==== INFORMATION GIVEN ====
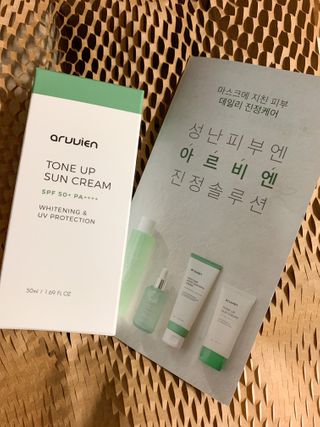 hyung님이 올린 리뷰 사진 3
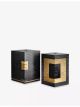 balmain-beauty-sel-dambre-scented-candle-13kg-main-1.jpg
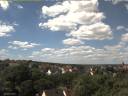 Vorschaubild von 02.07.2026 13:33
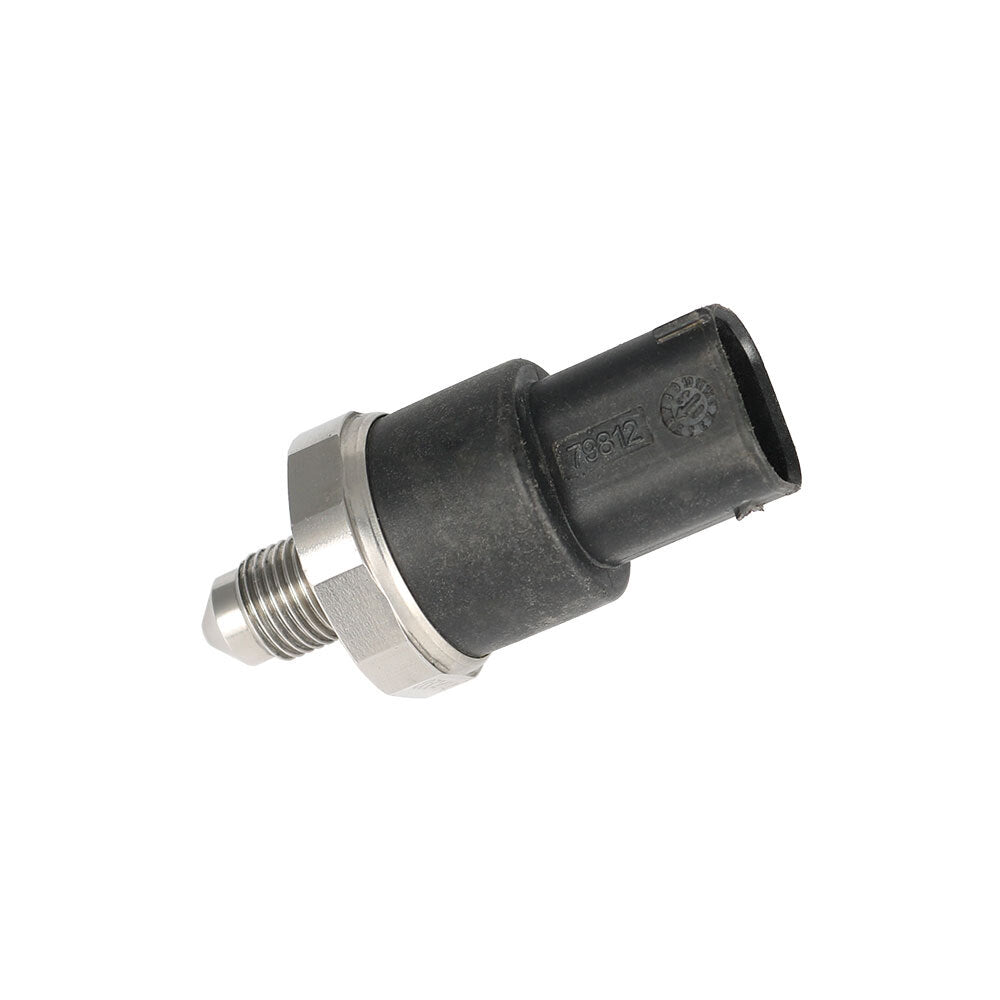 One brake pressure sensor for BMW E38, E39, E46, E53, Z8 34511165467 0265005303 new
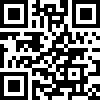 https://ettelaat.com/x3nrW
====
## WHAT YOU HAVE TO DO
I'd like the records above given again exactly, please, without the pictures.

## WRITTEN SOLUTION
 hyung님이 올린 리뷰 사진 3
 balmain-beauty-sel-dambre-scented-candle-13kg-main-1.jpg
 Vorschaubild von 02.07.2026 13:33
 One brake pressure sensor for BMW E38, E39, E46, E53, Z8 34511165467 0265005303 new
 https://ettelaat.com/x3nrW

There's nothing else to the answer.